It’s also clearly established that the U.S. fuel market’s need to blend ethanol into its fuel has evaporated — pun intended — ever since our country became an overall petroleum exporter. In other words, the U.S. does not need the Renewable Fuel Standard (RFS). This “minor detail” makes the thought of our fuel dollars going to middle-eastern terrorists a non-issue from which no ethanol-fueled salvation is required.

Another “minor detail” that Tom overlooks is that every motorcycle ever sold in the U.S. is at risk for engine damage from E15, and the newer ones would have their warranties voided by using a fuel blend greater than 10 percent ethanol. As a motorcyclist, I’m sick of hearing “don’t mess with the RFS” in paid radio advertisements. Tom likely was just as sick to hear that the U.S. Senate Committee on Environment and Public Works announced on July 21 of this year that there will be no vote on the Consumer and Fuel Retailer Choice Act (S.517), likely for this very reason. This is an active concern among the 6.7 million motorcyclists in the US, and the American Motorcyclist Association regularly lobbies to eliminate the RFS, again for this very reason.
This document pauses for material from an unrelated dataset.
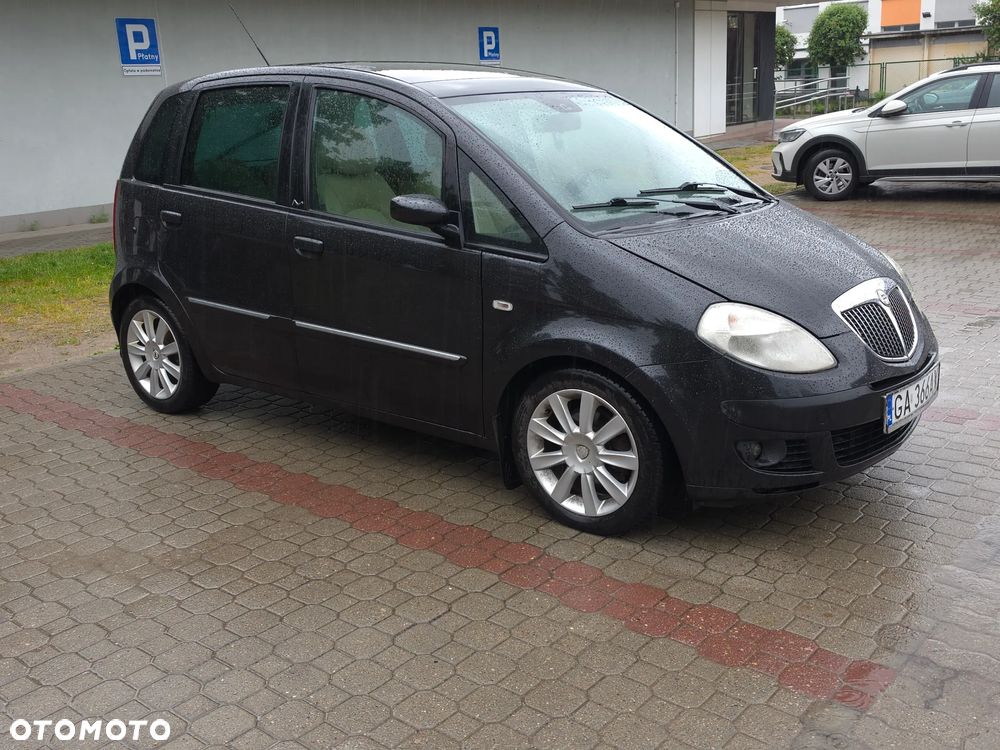Lancia Musa 1.9 MTJ Oro - 4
Finally, Tom’s claim that corn used for ethanol doesn’t increase the cost of food ignores the facts. Oxfam and the UN continue to document the negative effects upon the third-world poor. Tufts University research published in 2012 cited a $1.5 million dollar cost to Mexico alone. In 2013, the National Chicken Council published data showing a $2,000-per-family increase in food costs in the U.S. traceable directly to the RFS by the fact that the RFS required the use for ethanol of 40 percent of our nations’ corn production that year, greatly increasing the cost of chicken feed. In 2014, Forbes published a report on corn ethanol that refuted every claim in favor of the RFS and painted a picture of environmental mayhem from it instead. To Tom and his compatriots, I ask the question that report asked, “Can we please stop pretending biofuel made from corn is helping the planet and the environment?”